By: Mara Cortez
“I think the future of this is going to be teams of agents working together as employees.” That is how Italo Leiva, the Peddle founder, frames the next wave of AI revenue on Backstory: Marketing and AI with host Guy Powell.
Early Experiments That Shaped a Builder
Italo did not start in agencies. He began by solving problems. In college, he invented color-coded guitar strings to learn songs faster while gigging on weekends. He chased the idea hard. He entered competitions and reached the MassChallenge finals.
The product did not scale. “Guitar strings were only worth like five, six bucks and to paint them like that at that scale would make them 20, $30 a pair.” The experience taught him to test demand, value price, and move on when the math doesn’t add up.
He returned to healthcare operations and brought automation to billing and revenue cycle work. That phase set the path. He built systems, tracked metrics, and used processes to grow. The lesson stuck: build feedback loops and make the flywheel turn.
What RevOps Means When Growth Must Repeat
Revenue operations for Italo are not just a slogan. It is a method. It aligns marketing, sales, and success around recurring revenue and measurable improvement. “Goal number one is to get the revenue goal. Number two is how much profit can I squeeze from this?” he said.

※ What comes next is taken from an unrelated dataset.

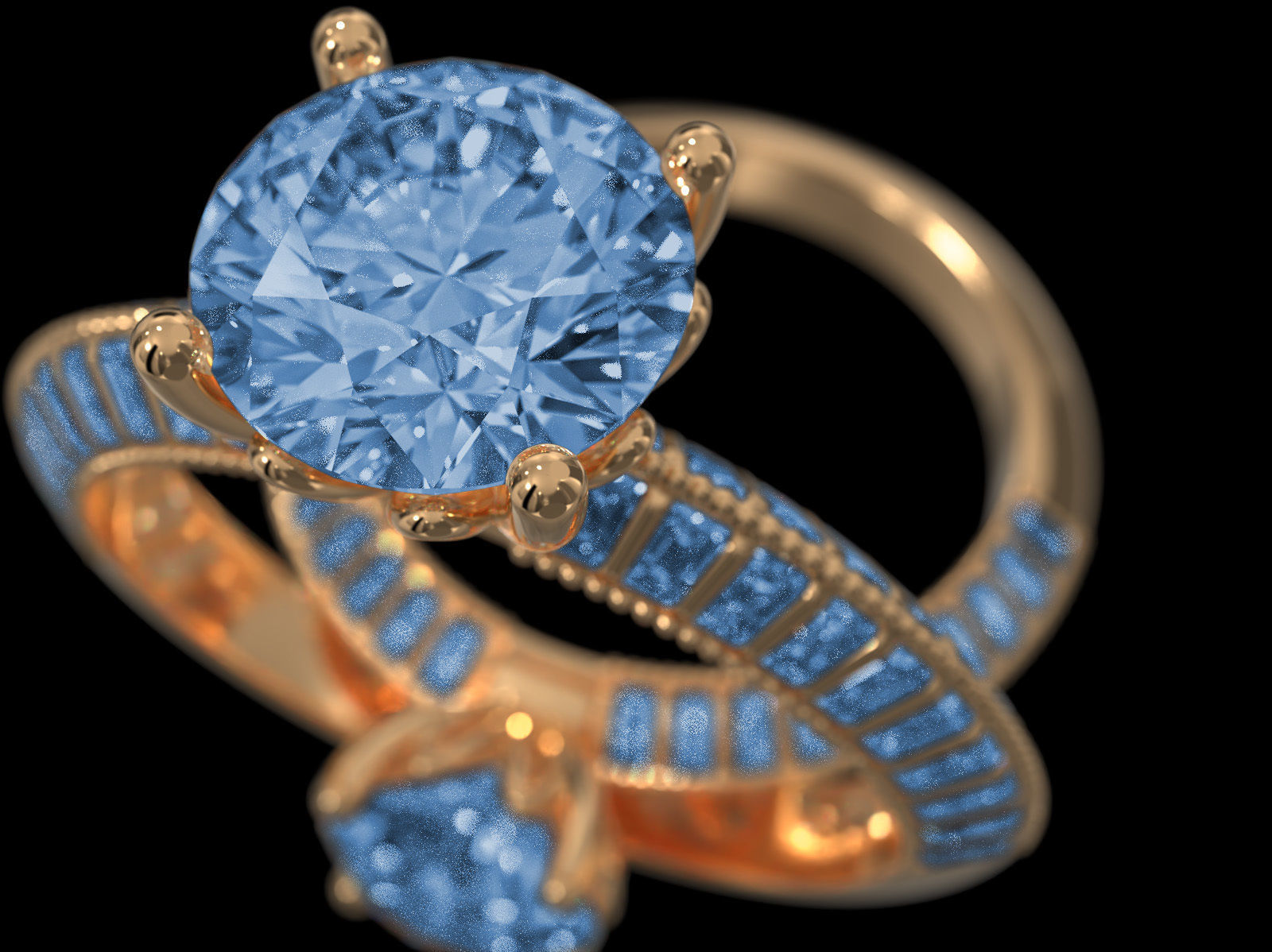 Triangle solitaire Ring 3D print model_13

He prefers a scientific cadence. Map the lifecycle. Instrument the pipeline. Test scripts. Track unit economics. Keep customers longer by fixing weak links fast. That approach lets founders step away without growth stalling.
Turning HubSpot into an AI Revenue Engine
Peddle is a Platinum HubSpot Partner. Italo uses HubSpot as the central record and control room. “We use HubSpot to do everything from ICPs personas like is this the right customer?” He layers agents on top to remove manual updates and accelerate follow-through.

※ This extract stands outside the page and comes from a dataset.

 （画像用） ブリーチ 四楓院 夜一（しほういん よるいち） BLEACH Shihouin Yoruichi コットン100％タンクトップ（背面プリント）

“The first part of it’s listen to all your calls and make sure that your records update streamline.” The system captures discovery answers, writes properties, drafts quotes, sends them, and books kickoffs after signature. He extends the loop with email and chat agents that nurture form fills and webinar leads until they are ready to meet.
Why Agent Teams Beat Single Automations
Italo sees a shift from isolated bots to coordinated teams. The relay is simple to picture. One agent researches LinkedIn. Another pulls website data. A third drafts a context-aware opener.
That choice depends on what the first agent found. “Instead of going to next scrape his company’s website, maybe he then thinks of scrapping UNC’s website.” He expects the broader internet to reflect this shift. “In the future, the web is going to be AI, it’s going to be interactive.”
Red Flags: Wrong ICPs and Missing Metrics
Italo often meets teams that cast too wide a net. “The first thing is that people don’t take the time to do the research.” He urges depth over breadth. Define one or two specific customer types. Solve a few complicated problems completely—price for commitment. Then measure what investors and acquirers value in SaaS and services.
Most founders track win rate and little else. He recommends learning the full metric stack tied to churn, expansion, and lifetime value. If you plan to exit or raise, you need those numbers clean and trending up.
A Startup Path That Actually Reduces Risk
For new ventures, Italo favors service before software. Validate the pain and the price. Then productize. “The lean startup is where you have to start with a problem to fit a solution… You then do it for five or 10 of them and you get to charge them to do it.” Once the service works, ship a minimal product. Keep the weekly loop of feedback, fixes, and releases until revenue passes seven figures.
The Throughline: Systems That Scale While You Sleep
Italo’s journey connects the dots. Curiosity led to experiments. Experiments led to the process. Processes led to engines. The constant is a builder’s bias for simple steps that compound. He repeats the theme with calm clarity. Teams win when the system carries the work forward.